== WORK TO BE COMPLETED ==
Reproduce the listing in full. Omit the pictures.

== DATA SHOWN ==

┄┄┄┄┄┄┄┄┄┄

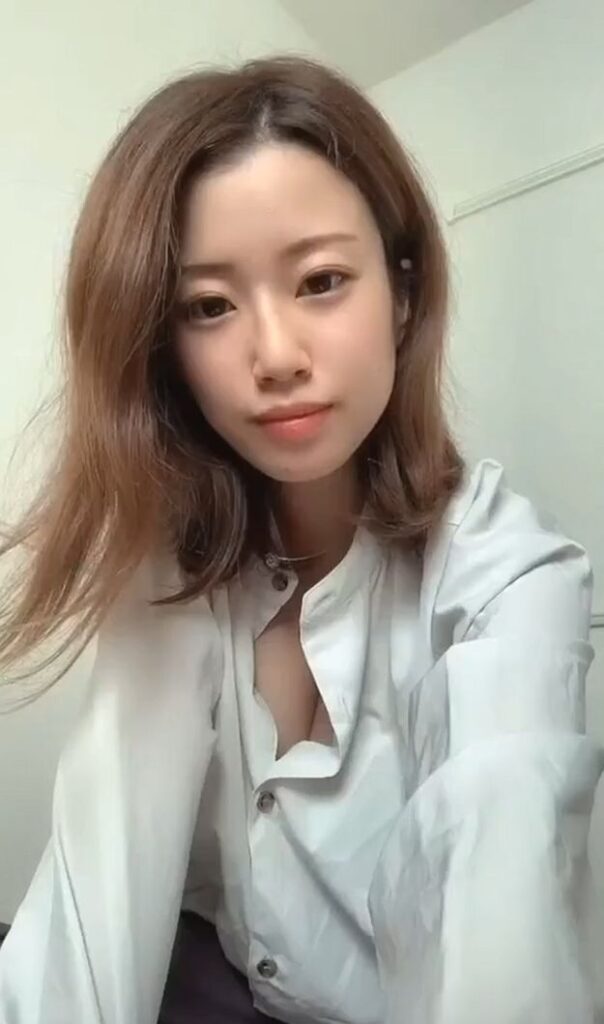 S級美人女子M字接写&起立下からモジャ陰毛くぱぁ丸見え! 1 S級美人女子M字接写&起立下からモジャ陰毛くぱぁ丸見え!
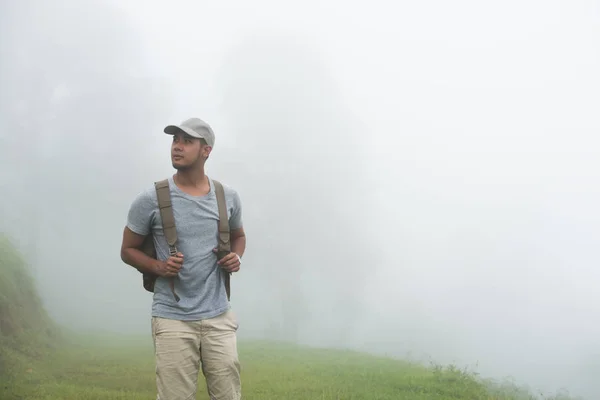 Turista Hombre Mochilero Caminando Solo Naturaleza Fondo —  Fotos de Stock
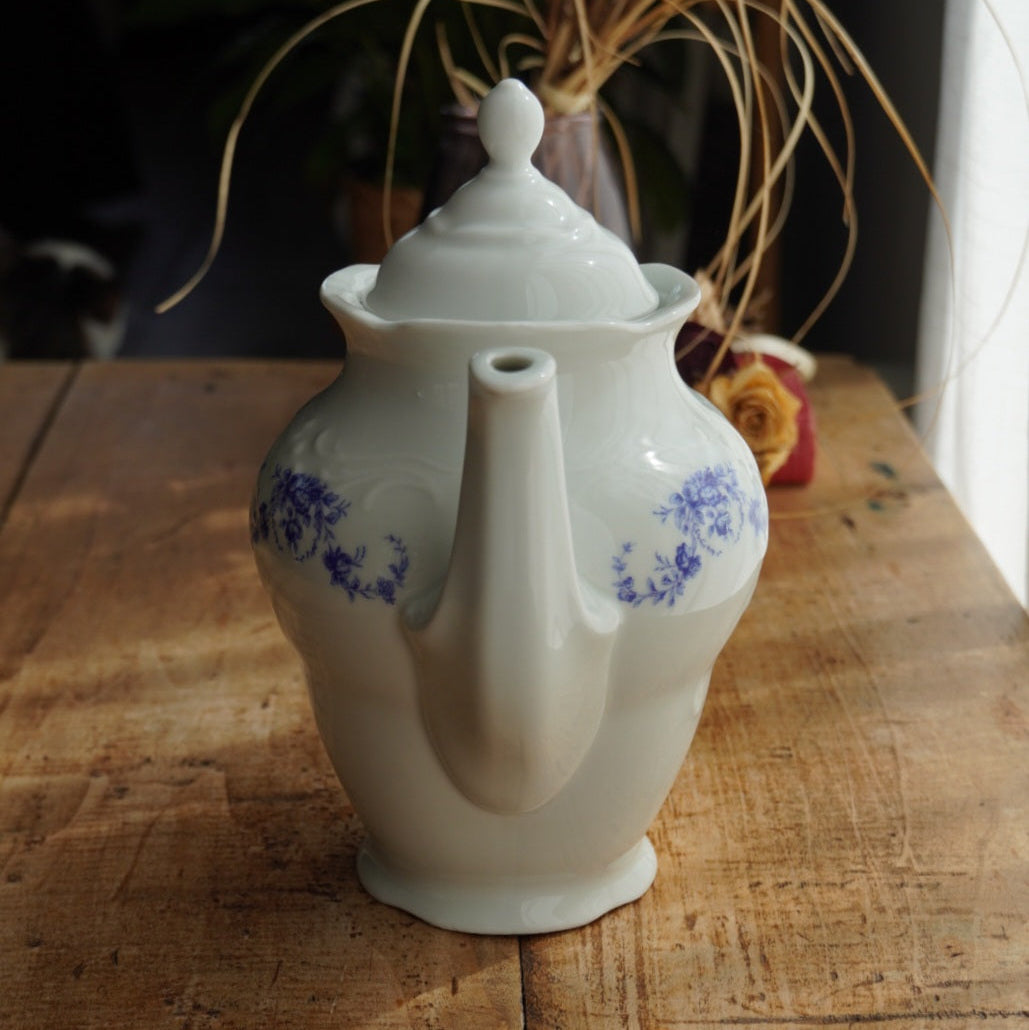 Cafetière ou théière "Constantia" en porcelaine d'Istanbul blanche et fleurie bleutée avec motifs reliefs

┄┄┄┄┄┄┄┄┄┄

== FINAL ANSWER ==
 S級美人女子M字接写&起立下からモジャ陰毛くぱぁ丸見え! 1 S級美人女子M字接写&起立下からモジャ陰毛くぱぁ丸見え!
 Turista Hombre Mochilero Caminando Solo Naturaleza Fondo —  Fotos de Stock
 Cafetière ou théière "Constantia" en porcelaine d'Istanbul blanche et fleurie bleutée avec motifs reliefs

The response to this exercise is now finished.